Sunday, August 7, 2011

The Markets Always Win

The hubris of our political class has astounded me for years. They have long believed that their perversion of Keynesian economics is the correct way to manage a modern economy. (Keynes was brilliant and, although I disagree with his conclusions, he was right in his own way.)

Margaret Thatcher had a great quip that the problem with Socialism is that "sooner or later you run out of other peoples money". For the United States, that time may have finally arrived.


My hope is that our political class finally takes this kick in the head as an opportunity to finally address a situation that has been building my entire life (and I'm no spring chicken). 


One lesson they need to learn is that the markets always have the last judgment on government finances. The markets always win; always.

Thursday, August 4, 2011

Sheik Yerbouti

Sorry, but the title is an album by Frank Zappa in 1978 but it is relevant to my point. So, you think the United States imports most of its oil from hostile, Arab nations? Think again; it's our friendly neighbors to the north and south: Canada and Mexico.

Sunday, July 31, 2011

They Are Prisoners of Our Currency

Major trading blocs like China and Europe wish (wish) they could trade in something other than dollars. They can't, and here's why:

In recent noise about the financial world, much has been made of the relative weakness of the U.S. dollar. A lot of seemingly knowledgeable commentators like to predict that international investors either are already or will soon start to run away from the dollar into some other (not yet existing) international monetary unit.



This graph shows one reason why a move away from the dollar is almost impossible unless we're talking in decades instead of years.

Here's the original link at the Atlantic if you want more detail.

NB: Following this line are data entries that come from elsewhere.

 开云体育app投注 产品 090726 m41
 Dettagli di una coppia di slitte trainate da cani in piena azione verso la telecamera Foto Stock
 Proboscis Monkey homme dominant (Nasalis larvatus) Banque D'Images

One quick takeaway is that the metropolitan New York area has an economy larger than that of Canada. The Los Angeles area economy is almost as large as that of the Netherlands.

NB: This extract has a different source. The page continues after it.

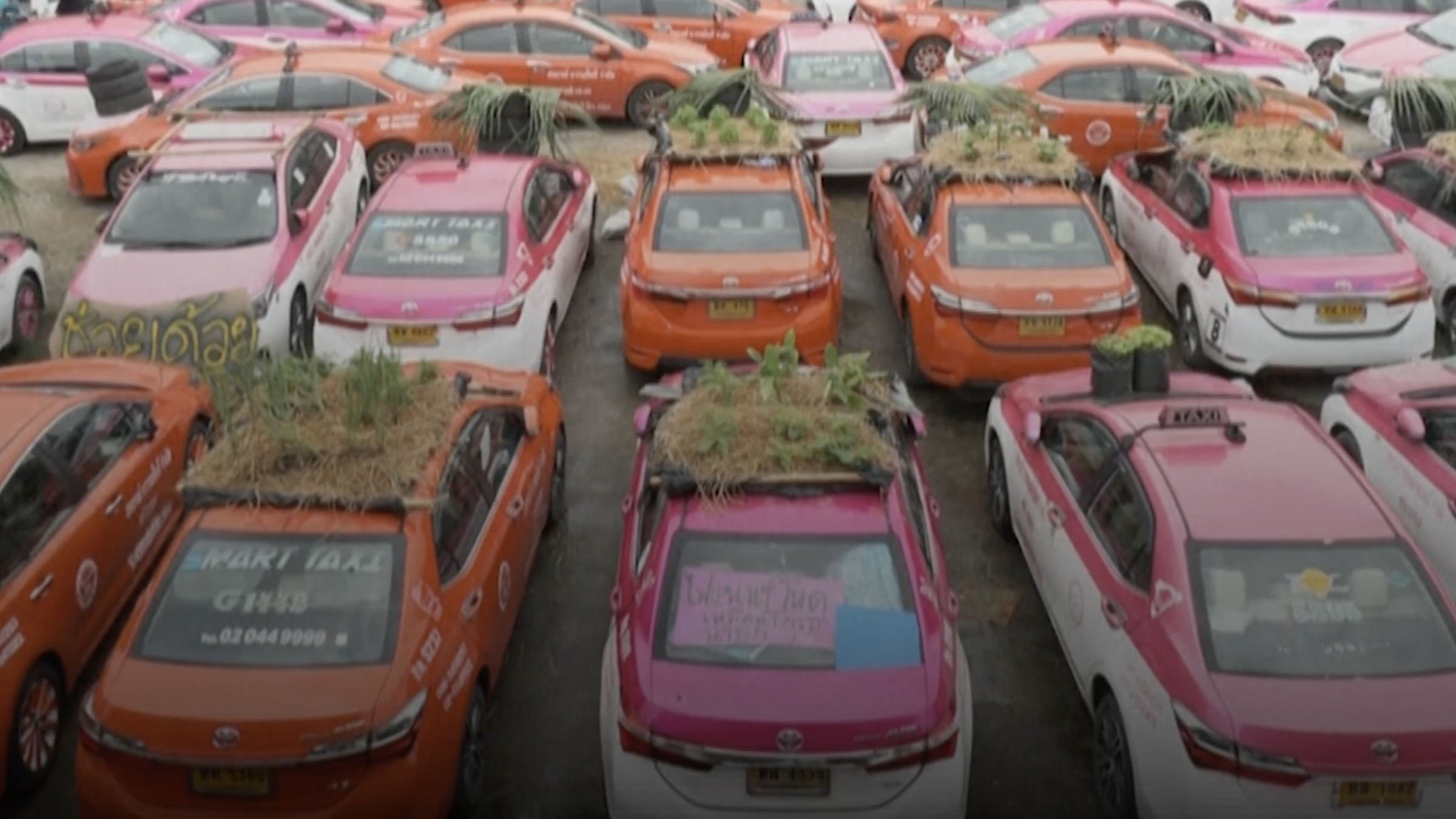 Bangkok : faute de clients, les taxis font pousser des légumes sur leur toit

When American cities have economies as large as major nations this means that the dollar cannot be replaced as an international monetary exchange in the near term. The entire world simply cannot replace the dollar with Swiss Francs when Chicago, all by itself, is bigger than Switzerland. It's a question of liquidity.

Monday, April 25, 2011

Crony Capitalism

As if I needed more persuasion ... here's a graph that shows Crony Capitalism (more correctly called Mercantalism)is still in full swing in this country.

An Interesting and Stubborn Fact

Facts are stubborn things. With the recent rise in gasoline prices, it will be the natural tendency of the political class to blame oil companies and seek to demonize them in the public eye. (And based on my conversations on the topic with fellow citizens, they are easy to demonize.)

However ... I ran across this very interesting chart. If you believe that he who controls oil production also influences the price of oil then check out this chart. Who profits the most of increased oil prices? Well, it would appear that the top 13 producers of oil are, in fact, governments and these governments produce 94 percent of the world's oil.

Gone Baby Gone

Okay, I just sold my house in Kansas City and took a six percent loss from the purchase price two years ago. From what I can tell, I got off easy. It appears that prices still need to fall further to get back to their historic trend lines (reversion to the mean). It seems to me to be inevitable.

Those who know me know that I'm an optimistic type of fellow. (In fact, most of my personal money is in the market in long positions.) However, real estate seems like a good place to stay away from for a while.











Saturday, March 26, 2011

Ouch! If You Own a Home

I've just sold my house in Kansas City and I had to take a small loss. (I've owned five homes and this is the first one where I didn't make at least a small amount.) Others have asked me how the real estate market is in Kansas City. Generally, the economy there is pretty good. A couple of years ago (when I bought) the prices were holding up well. Now, they're following the national trend downward.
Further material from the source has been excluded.